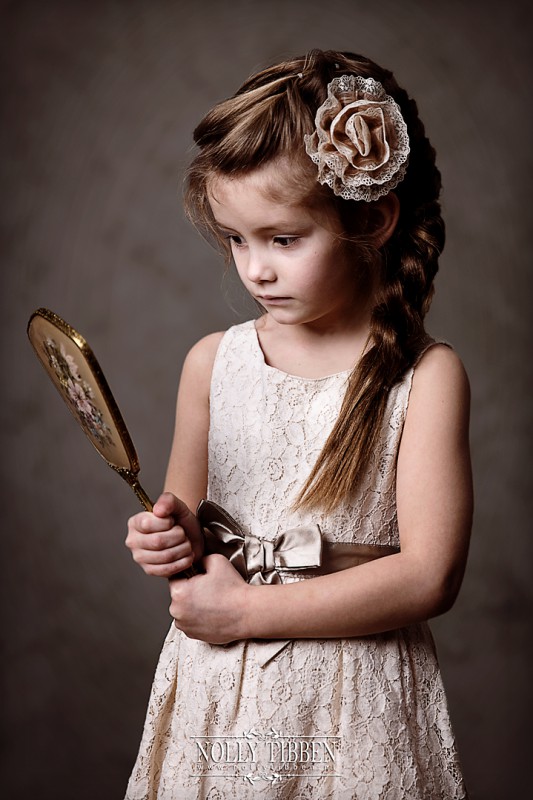 Nolly Tibben Fotografie, fine art portret, kinderportret, artistiek portret, klassiek, stijlvol, bijzonder,  fotografie, child photography, Heeten, Raalte, Deventer, Zwolle, portretfotografie, fotograaf Overijssel | fine art portretten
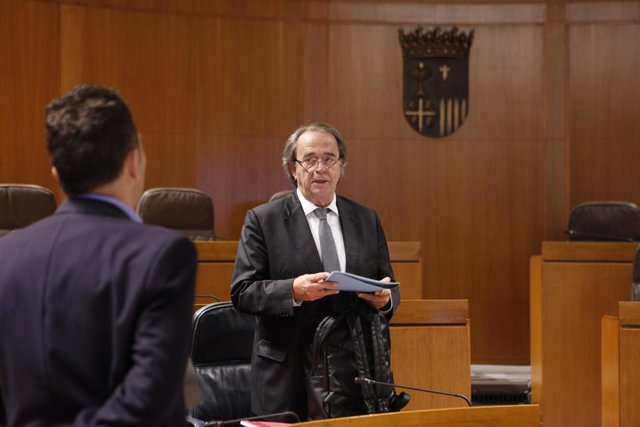 Al fondo, el consejero de Hacienda del Gobierno de Aragón, Carlos Pérez Anadón.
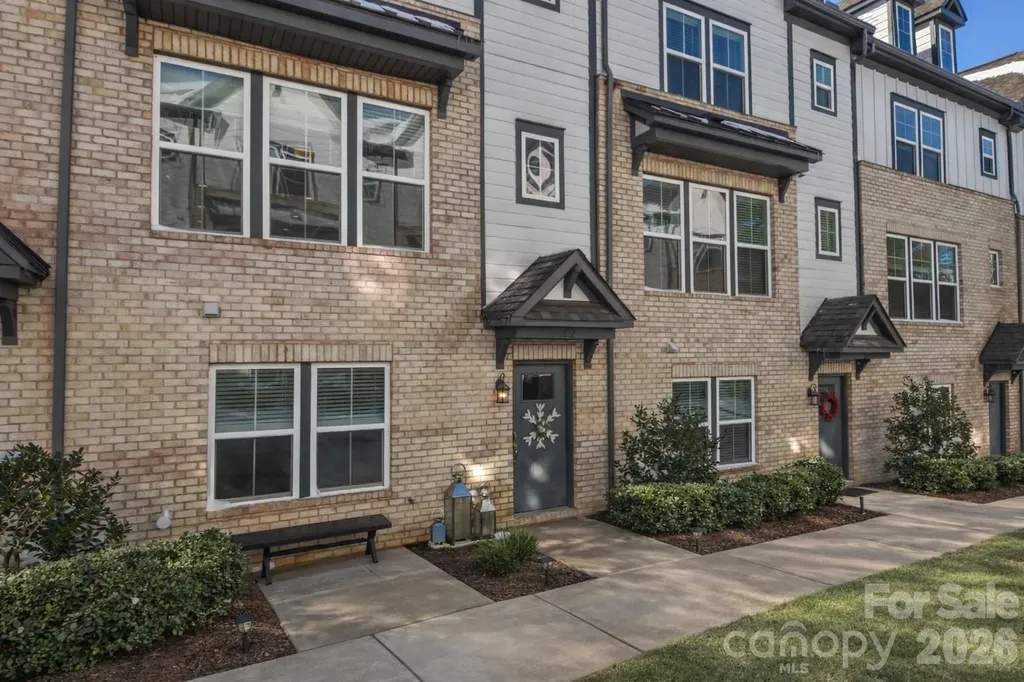 612 Tudor Park Way Charlotte NC 28211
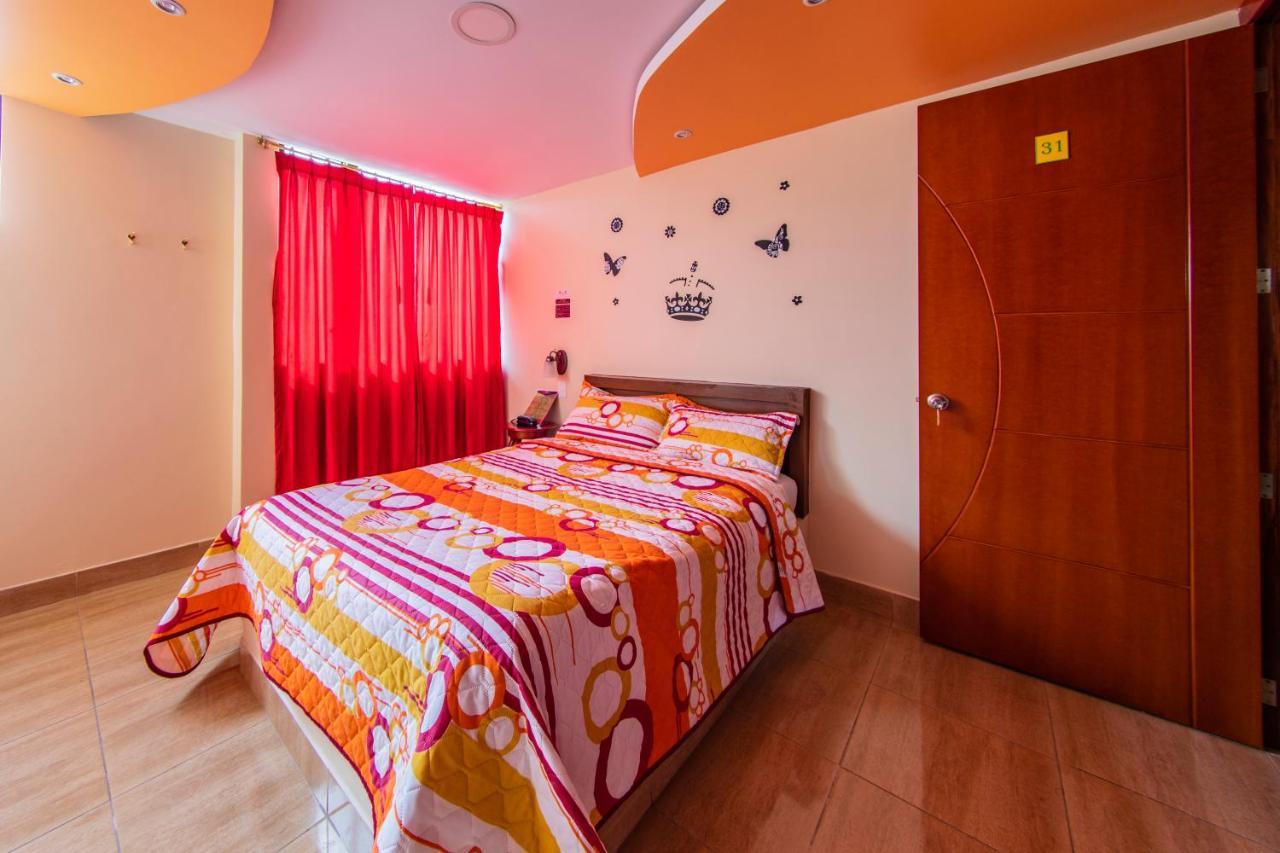 Hostal Oro Orense Кіто Екстер'єр фото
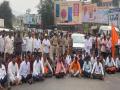 मराठा आरक्षणाला पाठिंबा देण्यासाठी पन्हाळा तालुका सकल मराठा बांधवांच्यावतीने रास्तारोको - Marathi News | Rastraroko on behalf of Panhala taluka Sakal Maratha brothers to support Maratha reservation | Latest kolhapur News at Lokmat.com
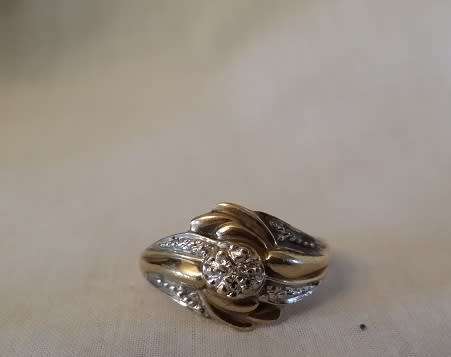 9ct  GOLD  RING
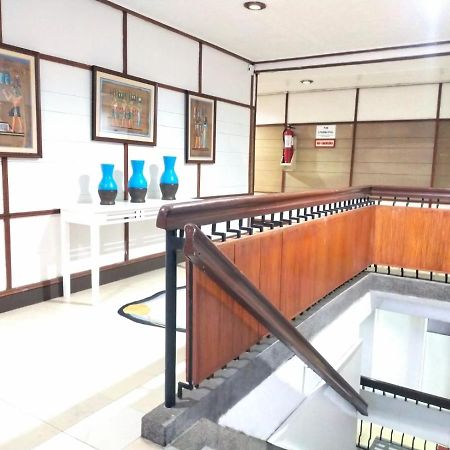אנגלס 2 Hotel Saleh מראה חיצוני תמונה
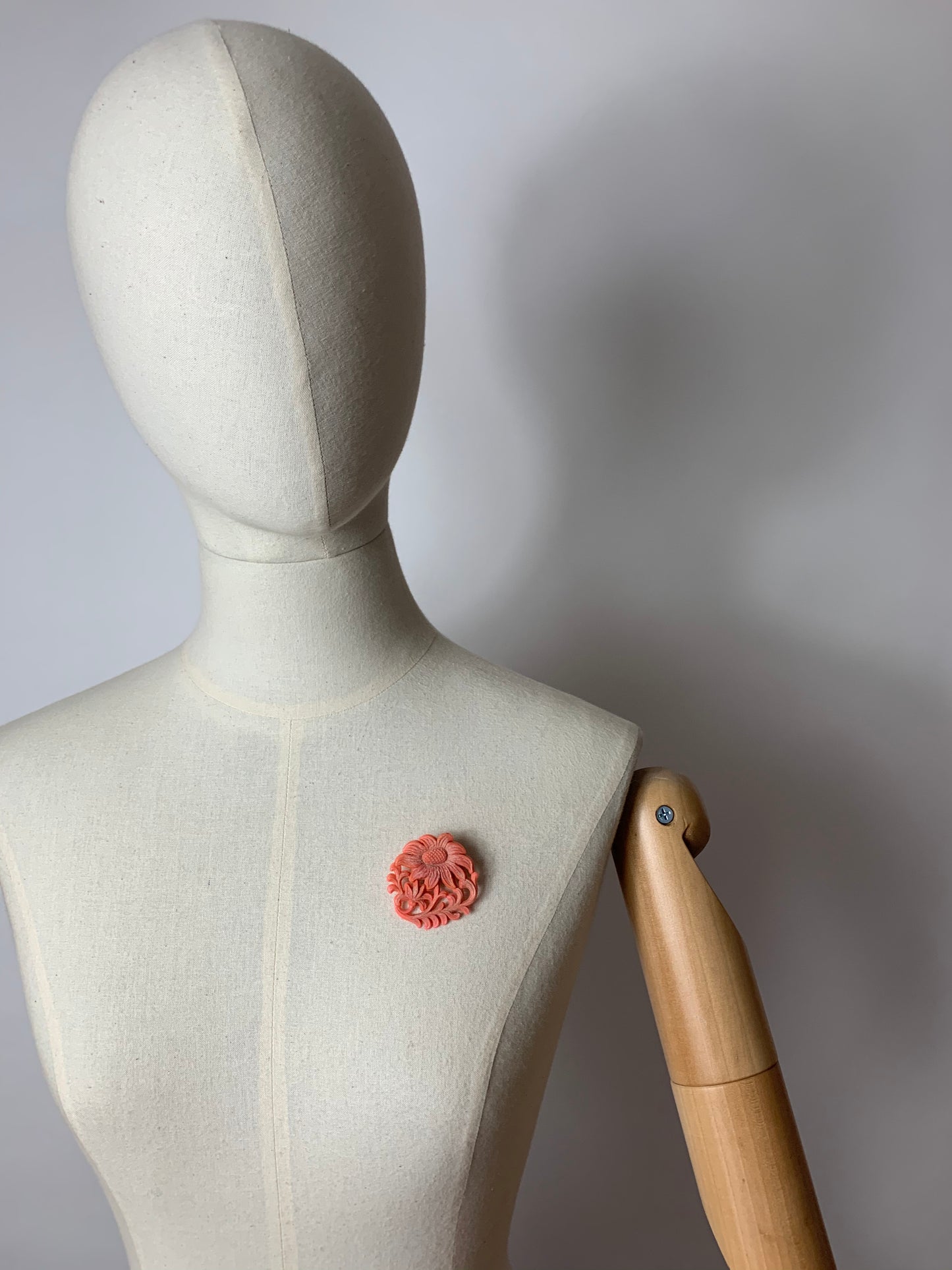 Original 1940’s Floral Brooch - In a lovely Soft Coral Colour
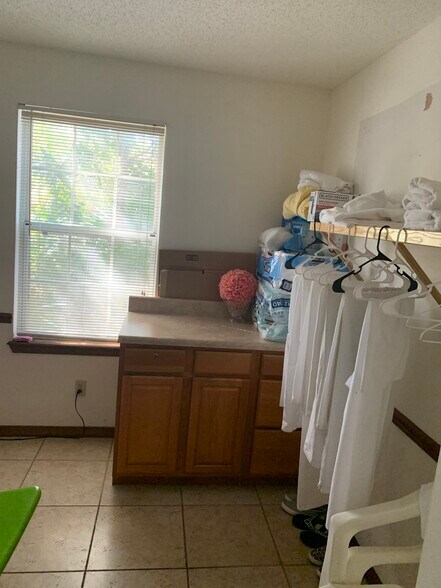 More Photos Of 3830 Williamsburg Park Blvd, Jacksonville Medical For Sale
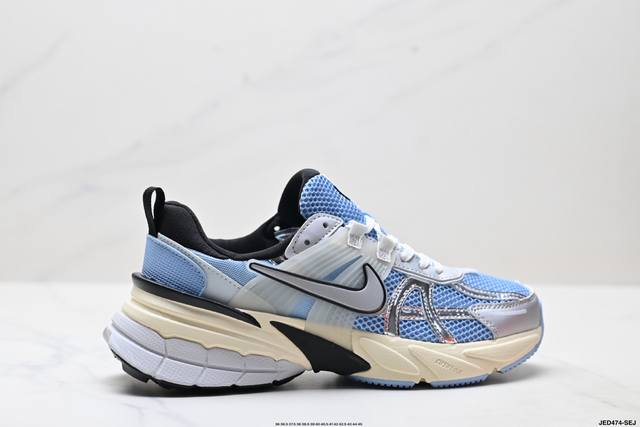 公司级耐克Nike V2K Run跑步鞋复古风潮 网面透气运动鞋 灰银紧致的鞋面材质提供良好的包裹性鞋侧 Swoosh以及鞋头部分搭配增添不少亮点的镀铬细节鞋垫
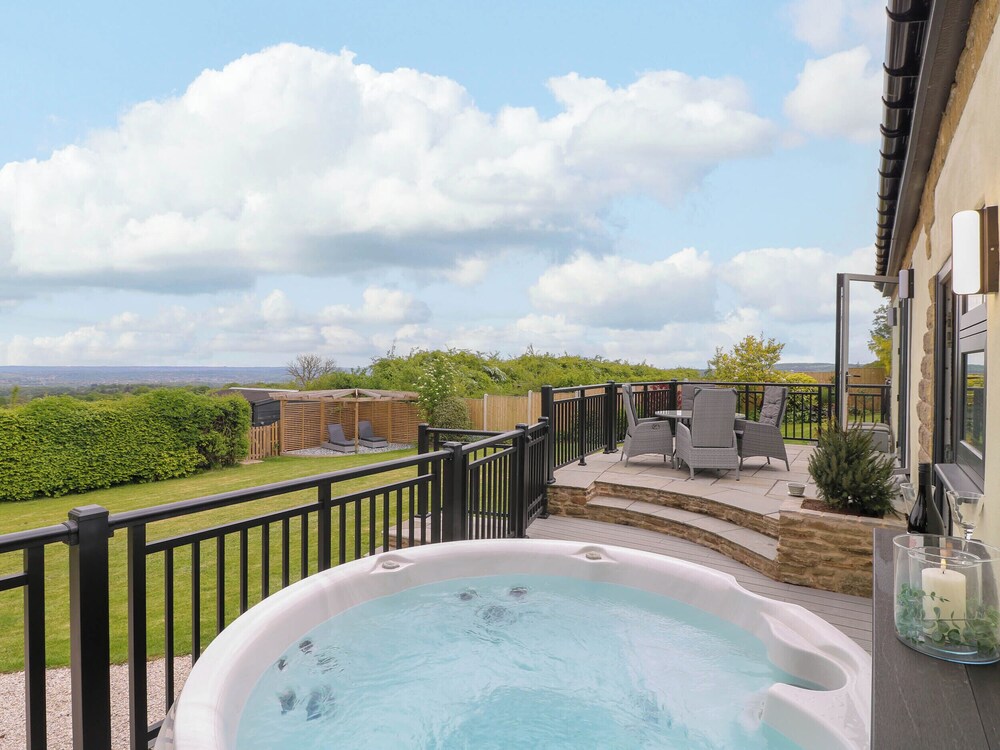 Highview Stables in Chesterfield, United Kingdom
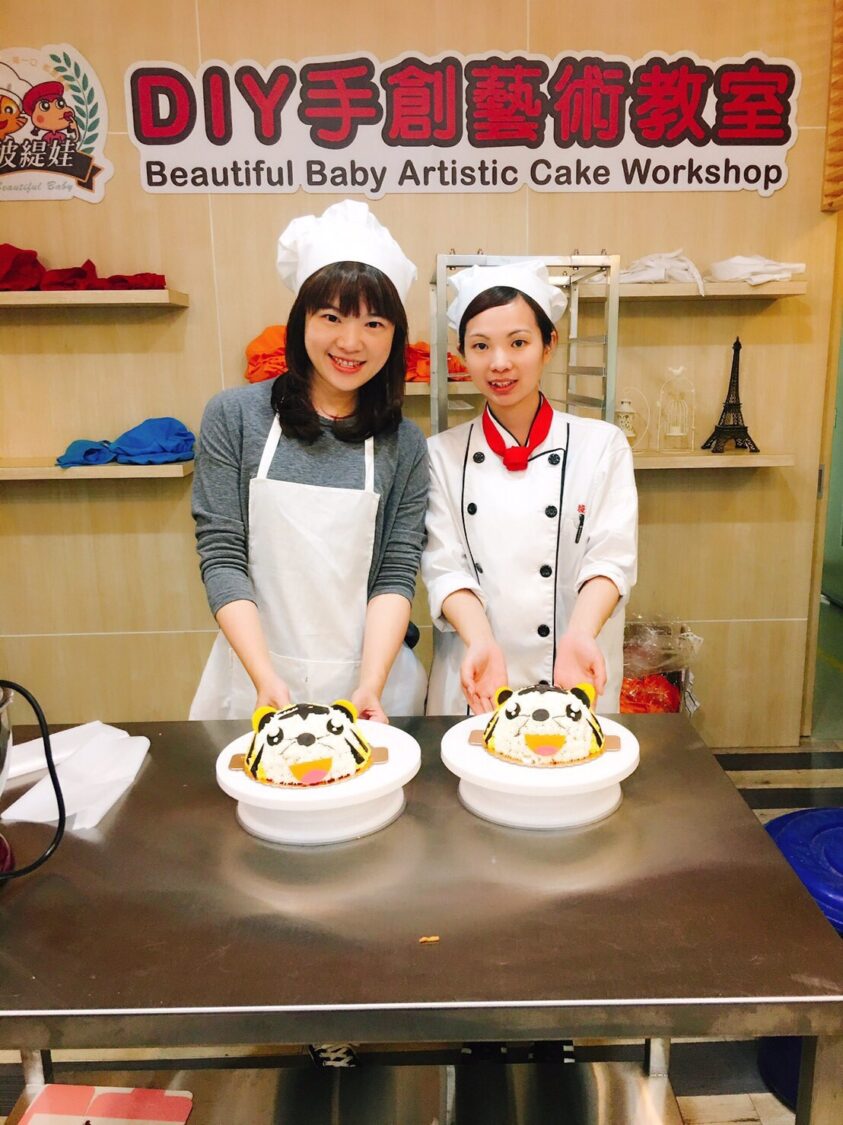DIY 手創課程現場照,學員與老師展示虎造型蛋糕。(圖/彼緹娃 提供)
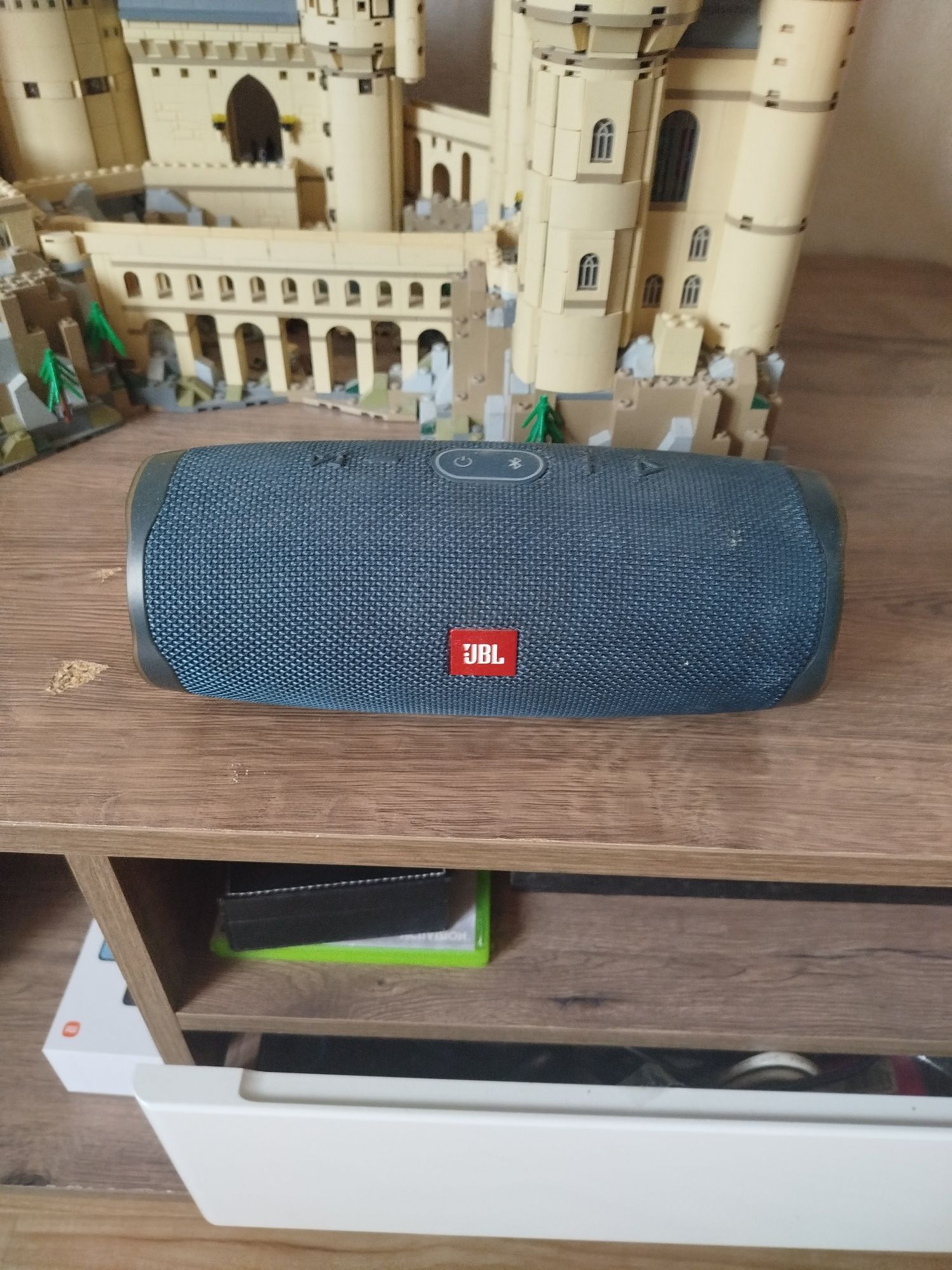 Продам Jbl charge 4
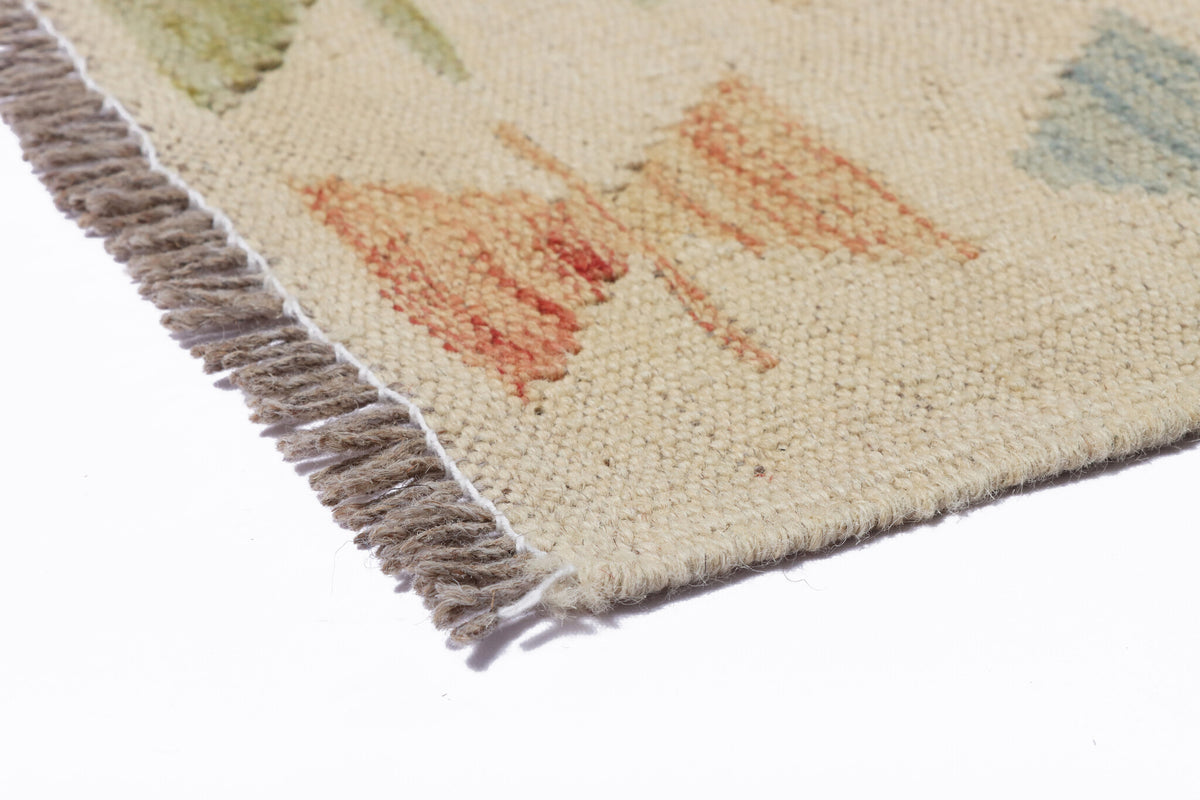 Light Large Pastel Diamond Kilim Rug, 208 × 147 cm — view 3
+===+
# Assignment
Transcribe exactly the lines that run from the first line of the records above through the line with "DIY 手創課程現場照,學員與老師展示虎造型蛋糕。(圖/彼緹娃 提供)", and include both of those lines; pictures stay out.

# Your solution
 Nolly Tibben Fotografie, fine art portret, kinderportret, artistiek portret, klassiek, stijlvol, bijzonder,  fotografie, child photography, Heeten, Raalte, Deventer, Zwolle, portretfotografie, fotograaf Overijssel | fine art portretten
 Al fondo, el consejero de Hacienda del Gobierno de Aragón, Carlos Pérez Anadón.
 612 Tudor Park Way Charlotte NC 28211
 Hostal Oro Orense Кіто Екстер'єр фото
 मराठा आरक्षणाला पाठिंबा देण्यासाठी पन्हाळा तालुका सकल मराठा बांधवांच्यावतीने रास्तारोको - Marathi News | Rastraroko on behalf of Panhala taluka Sakal Maratha brothers to support Maratha reservation | Latest kolhapur News at Lokmat.com
 9ct  GOLD  RING
אנגלס 2 Hotel Saleh מראה חיצוני תמונה
 Original 1940’s Floral Brooch - In a lovely Soft Coral Colour
 More Photos Of 3830 Williamsburg Park Blvd, Jacksonville Medical For Sale
 公司级耐克Nike V2K Run跑步鞋复古风潮 网面透气运动鞋 灰银紧致的鞋面材质提供良好的包裹性鞋侧 Swoosh以及鞋头部分搭配增添不少亮点的镀铬细节鞋垫
 Highview Stables in Chesterfield, United Kingdom
DIY 手創課程現場照,學員與老師展示虎造型蛋糕。(圖/彼緹娃 提供)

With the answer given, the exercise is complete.